La rivolta viaggia nell’internet più che nell’etere, le armi da tastiera si sono evolute in forme più chic di ribellione, dove l’hashtag vince sulla battaglia, e la rivoluzione diventa semplice, tra bacheche sempre più invase e piazze sempre più vuote.
Uno dei temi più controversi, invaso da modalità comunicative che ormai investono la politica tanto quanto la giustizia o la moralità, è proprio quello della parità dei sessi. Per dire: l’anno scorso una slogan che partendo da Instagram ha invaso le bacheche di metà delle star hollywoodiane più politicamente impegnate era la scritta “We should be all feminists”, stampata su una t-shirt studiata da una delle più importanti e storiche case di moda francesi: costo 550 euro.
Guardando oggi le bacheche Instagram delle principali attrici americane troverete una lettera contro gli abusi nel mondo del cinema, veicolata dall’ hashtag #timesup, e una lettera contro gli abusi e le molestie, oltre che contro la mancata parità dei sessi nel mercato cinematografico. Questo dopo che per anni c’è stato un tacito assenso nel non denunciare.
Tra le tante storie che sono emerse proprio in questo periodo, la più amara di tutte è quella che ruota attorno a Kill Bill, film prodotto da Harvey Weinstein e diretto, è noto, da Quentin Tarantino. Kill Bill ha offerto all’immaginario femminile, al mondo delle giovani donne, alle millenials tanto quanto alle over, l’immagine di una donna forte, coraggiosa, vendicativa nel corpo e nello sguardo di Beatrix Kiddo: un simbolo che però mente sulla realtà delle molestie, che Uma Thurman solo oggi ha dichiarato di aver subito proprio su quel set da Winstein (lei come altre centinaia di attrici), con un Tarantino consapevole della situazione per sua stessa ammenda. L’onda di denunce che ha invaso metà del mercato cinematografico americano (e non solo), ha visto il suo culmine durante la serata dei Golden Globes, in cui attori e attrici hanno indossato abiti neri per protestare contro il sessismo del mondo hollywoodiano (“Times’up”, il tempo è finito).

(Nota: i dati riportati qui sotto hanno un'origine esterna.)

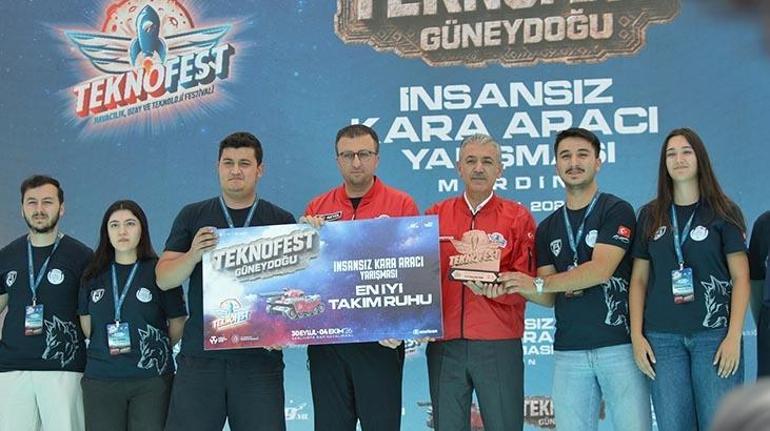 Mardin’de TEKNOFEST İnsansız Kara Aracı Yarışması tamamlandı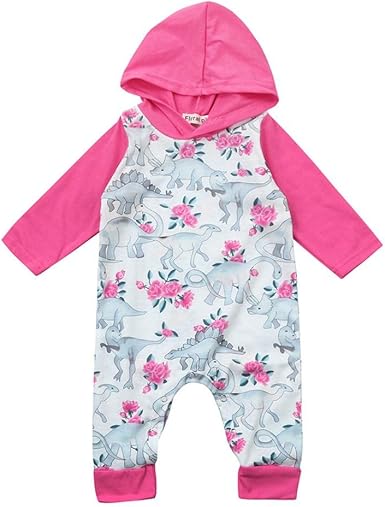 pink dinosaur baby clothes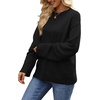 image:imageWIHOLL Womens Sweaters Crew Neck Fall Tops Trendy Long Sleeve Shirts Fashion Womens ClothingBlack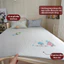 Set 3 món ga gối Memminbedding chất liệu băng lạnh mềm mát, phong cách đáng yêu kèm họa tiết thêu nổi cực yêu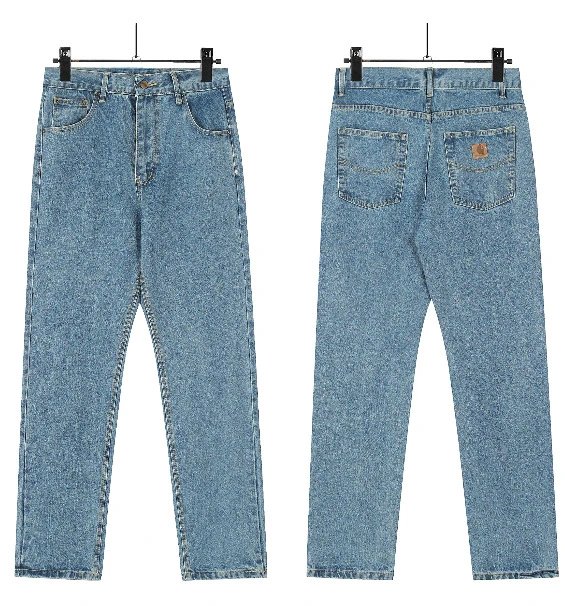 Drew House Distressed Light Blue Relaxed Fit Jeans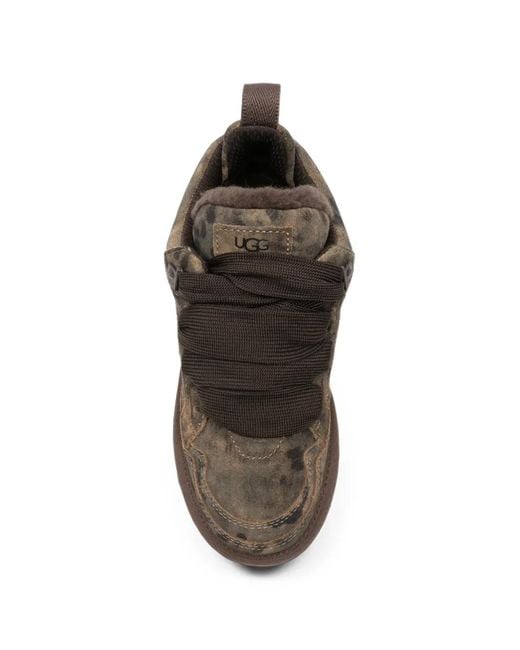 Ugg Brown Leopard-Print Platform Sneakers
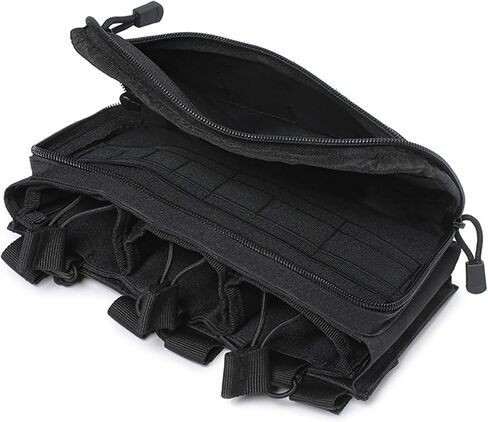 Tactical Mag Admin Pouch Molle Mag Pouch, Open Top Single/Double/Triple Magazine Pouch Holder Carrier for M4 M16 AK AR Glock M1911 92F 9mm Molle Utility Tool Pouch Medical EMT Organizer in Saudi Arabia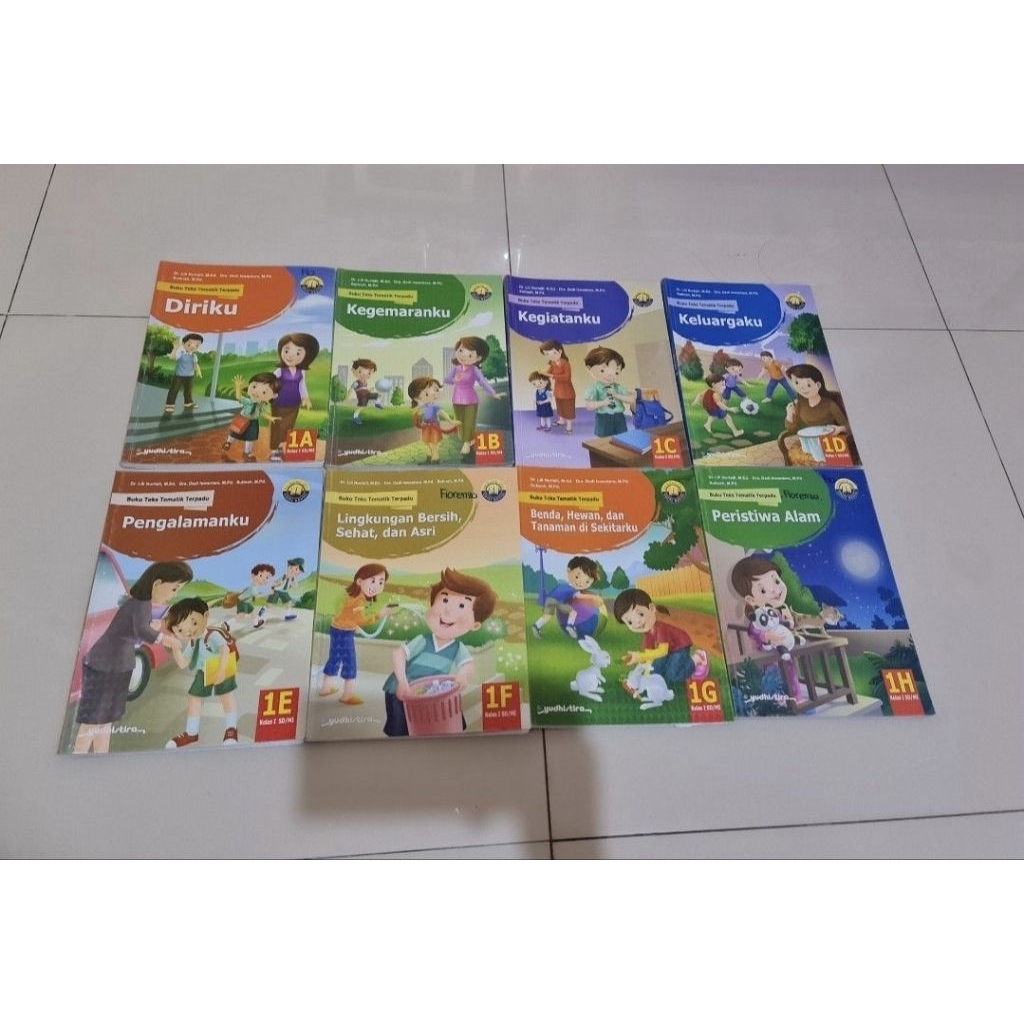 Buku Tematik Terpadu Kelas 1 SD ABCDEFGH Buku Teks Seri Tematik Yudishitra Kelas 1SD 1A 1B 1C 1C 1D 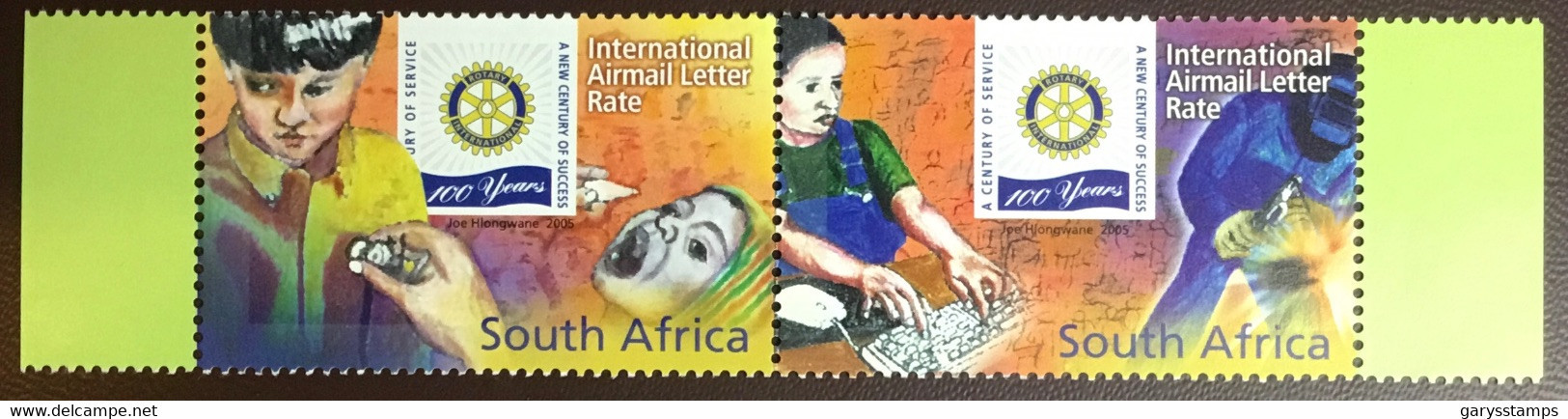 South Africa 2005 Rotary Centenary MNH - Unused Stamps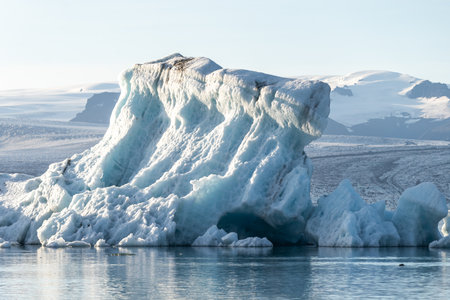 Iceberg landscape in the atlantic oceanの写真素材
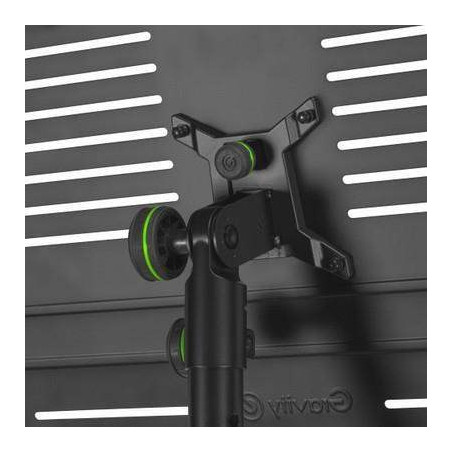 Gravity LTS T 01 Soporte de ordenador portátil con topes ajustables.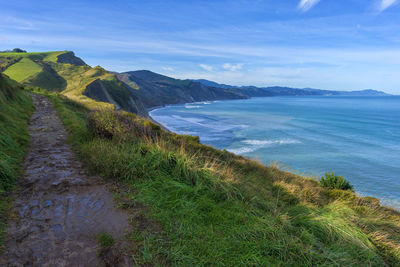 Scenic view of sea against sky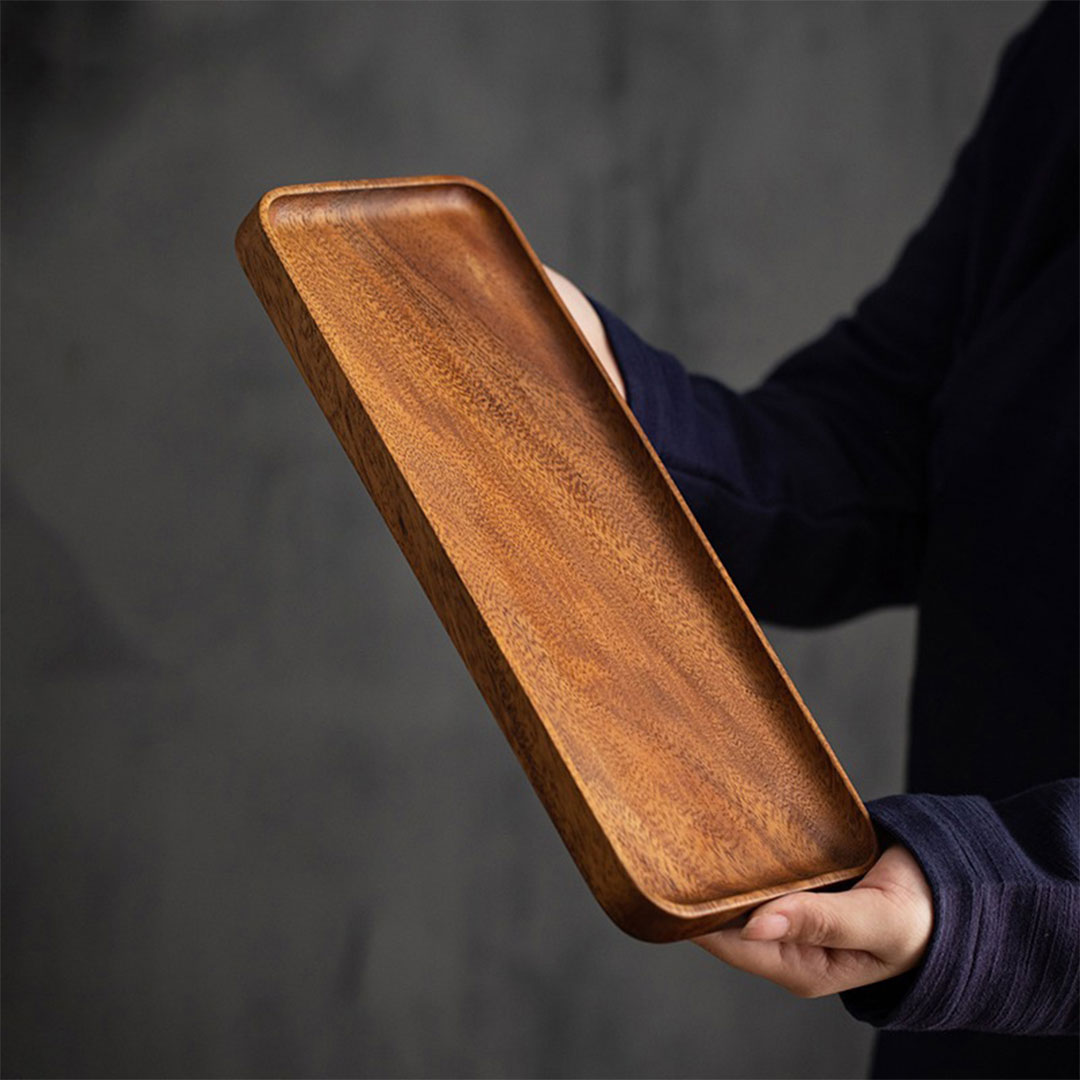 Coffee wood serving tray 30x12x2cm G-1328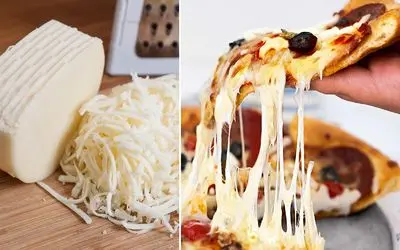 پنیر پیتزای خانگی به ساده ترین روش / دستور تهیه یه پنیر خوشمزه و کشدار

Spostiamoci ad est: motivazioni simili, ma immagini differenti e sopratutto.. un’attenzione mediatica diversa. Infatti, nel rumore di fondo ci sono alcune immagini che hanno catturato silenziosamente l’attenzione dei media tra il frastuono di Natale e delle feste.
Il 28 dicembre una donna ha deciso silenziosamente di salire su un cassonetto in piazza Enghelab e di ribellarsi sventolando una bandiera bianca, tra l’indifferenza dei passanti e il fuoco delle Iran Protest. È facile fare la rivoluzione urlando slogan, non lo è togliendosi l’hijab, il velo obbligatorio per le donne iraniane, e sventolandolo silenziosamente per urlare ancora una volta la protesta delle donne arabe, ennesimo tassello, ennesimo pezzo di un quadro ampio che vede i giovani iraniani, sull’onda verde di una Primavera Araba che non si è mai veramente placata, manifestare proprio in questi giorni contro gli Ayatollah, e che sente ancora le ennesime voci di protesta femminili contro una cultura ancora troppo opprimente.
È bastato un velo strappato di testa e sventolato come una bandiera, fiera e silenziosa, a spaventare il regime: la donna è stata arrestata, diventando rapidamente un nuovo simbolo, più silenzioso, ma altrettanto coraggioso. Un gesto imperdonabilmente rivoluzionario è diventato la voce internazionale di una libertà furtiva, nascosta, oppressa, che si fa espressione nel movimento “My steathly freedom”, nato nel 2014, volto a sostenere la possibilità per le donne iraniane di scegliere se indossare o no il velo obbligatorio in un Paese bloccato ormai al 1979.